# Illegal? Unethical? What say you.....



## Keystone (Sep 7, 2014)

Personally I find the wanton waste of any game completely unacceptable. This video says allot..... 

[youtube]ZzdesfXfaTY[/youtube]


edit: can not get the Youtube video to imbed for some reason...


----------



## DocWatson (Sep 7, 2014)

Ignorant and stupid have no cure !!! They should have called fish and game and filed a report.


----------



## Keystone (Sep 7, 2014)

[url=https://forum.tinboats.net/viewtopic.php?p=365697#p365697 said:


> DocWatson » Today, 19:44[/url]"]Ignorant and stupid have no cure !!! They should have called fish and game and filed a report.

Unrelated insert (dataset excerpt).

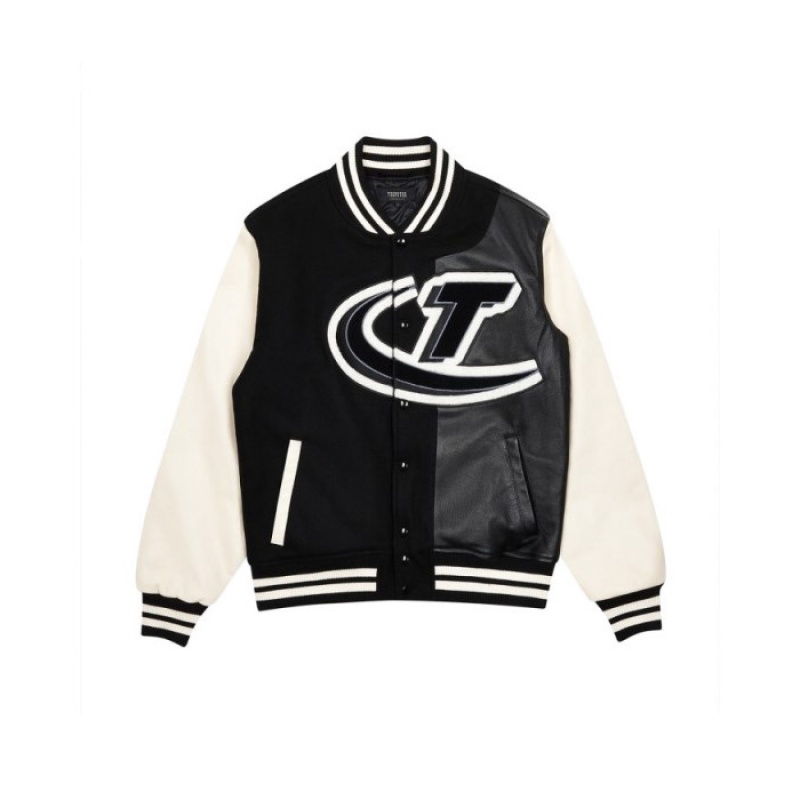 Agasalhos Trapstar Hyperdrive T Chenille Varsity Jacket Masculino Pretas Branco Portugal | OJ97-390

Agree with you on that, and I hope they followed up with that.


----------



## Keystone (Sep 7, 2014)

I am happy to see the Canadian Authorities are looking into this already.

https://www.facebook.com/pages/Ontario-Conservation-Officers-Association/1417300041815881?ref=br_tf

OCOA wishes to advise that this video and details are being investigated. 

We thank you our friends of the OCOA for sending us this video. Please share that this is not a reporting line but we appreciate all of your concerns! 

Please be advised this video contains foul language.

OCOA supports Conservation Officers with this investigation.

This information has been reported to the MNR TIPS LINE from another caller.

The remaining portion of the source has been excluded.